## TASK GOAL
Below are some entries. Transcribe the lines from the one holding "Personalized Gold Banner" to the one holding "Goodbye! See You", inclusive, but not the pictures among them.

[TASK INPUTS — start]

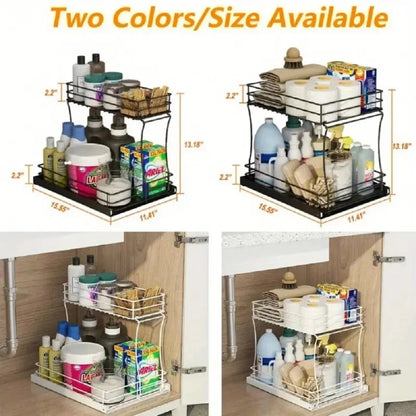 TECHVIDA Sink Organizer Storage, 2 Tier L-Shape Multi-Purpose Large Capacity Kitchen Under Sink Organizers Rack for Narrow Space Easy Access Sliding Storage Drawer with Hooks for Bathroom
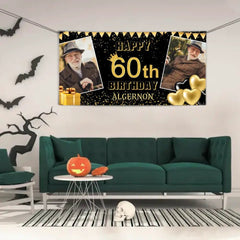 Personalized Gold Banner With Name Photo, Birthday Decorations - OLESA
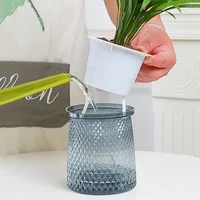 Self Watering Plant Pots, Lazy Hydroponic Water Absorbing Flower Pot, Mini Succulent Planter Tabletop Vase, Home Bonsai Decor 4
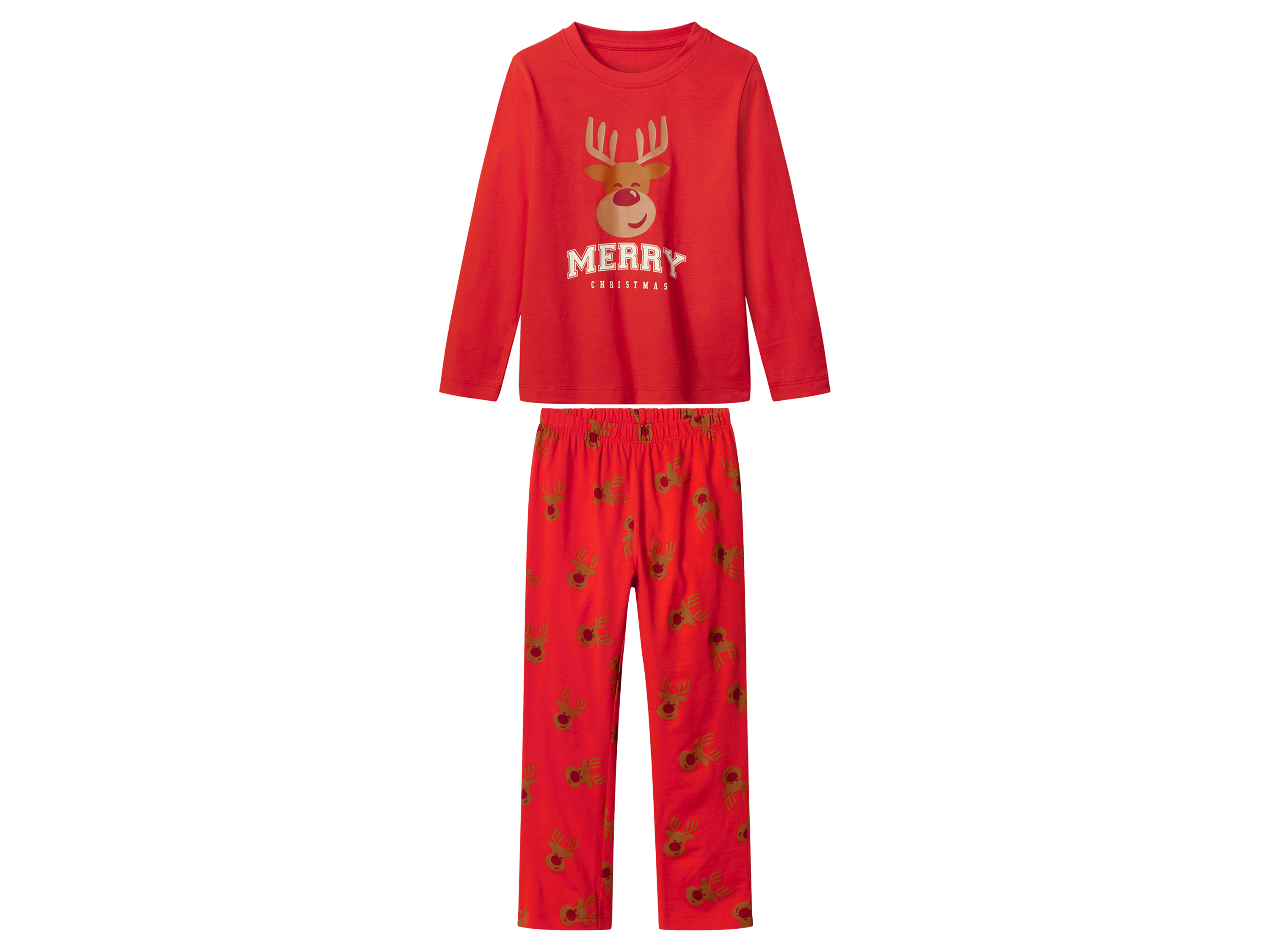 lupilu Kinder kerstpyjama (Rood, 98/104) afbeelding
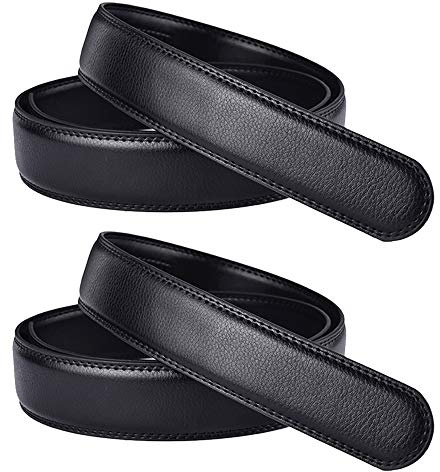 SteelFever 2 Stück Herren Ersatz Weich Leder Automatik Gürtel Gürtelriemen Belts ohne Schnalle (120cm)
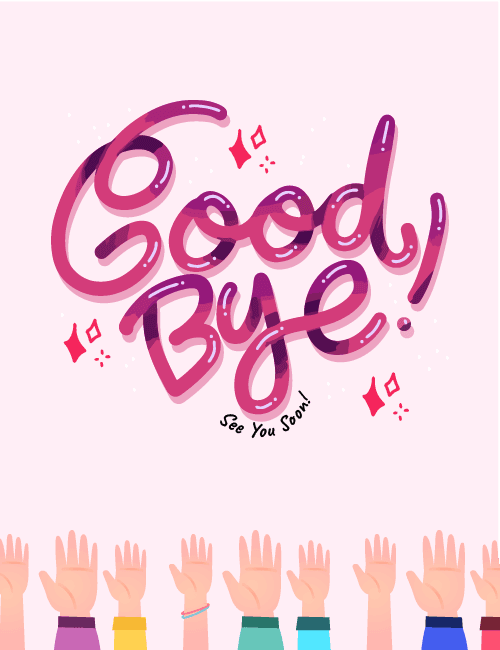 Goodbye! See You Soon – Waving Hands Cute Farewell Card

[TASK INPUTS — finish]
[TASK INPUTS — start]

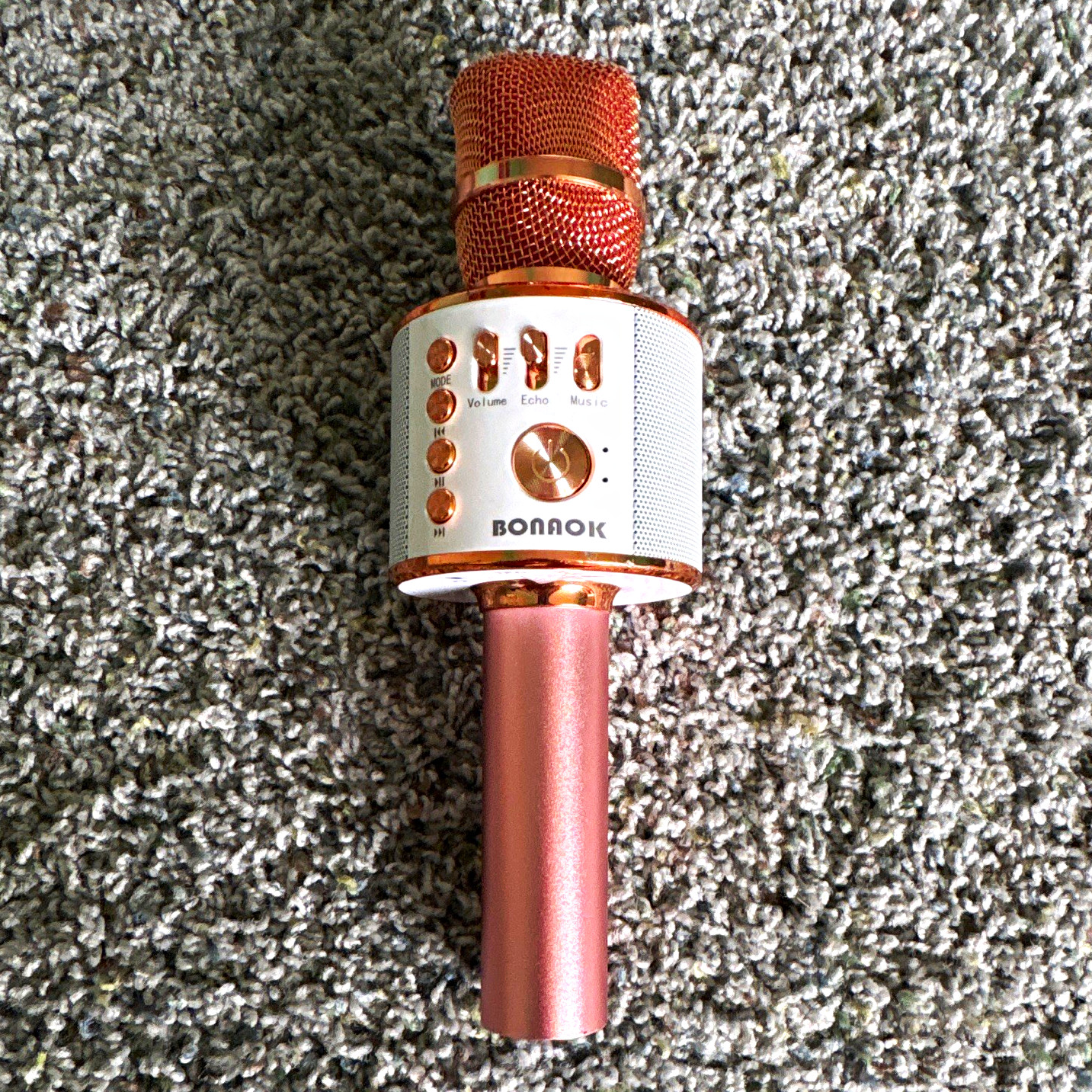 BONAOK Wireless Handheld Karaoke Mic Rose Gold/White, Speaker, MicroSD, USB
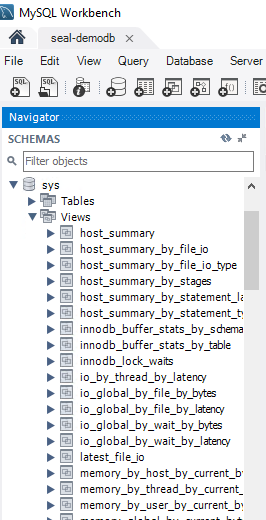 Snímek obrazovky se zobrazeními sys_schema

[TASK INPUTS — finish]

## EXERCISE ANSWER
 Personalized Gold Banner With Name Photo, Birthday Decorations - OLESA
 Self Watering Plant Pots, Lazy Hydroponic Water Absorbing Flower Pot, Mini Succulent Planter Tabletop Vase, Home Bonsai Decor 4
 lupilu Kinder kerstpyjama (Rood, 98/104) afbeelding
 SteelFever 2 Stück Herren Ersatz Weich Leder Automatik Gürtel Gürtelriemen Belts ohne Schnalle (120cm)
 Goodbye! See You Soon – Waving Hands Cute Farewell Card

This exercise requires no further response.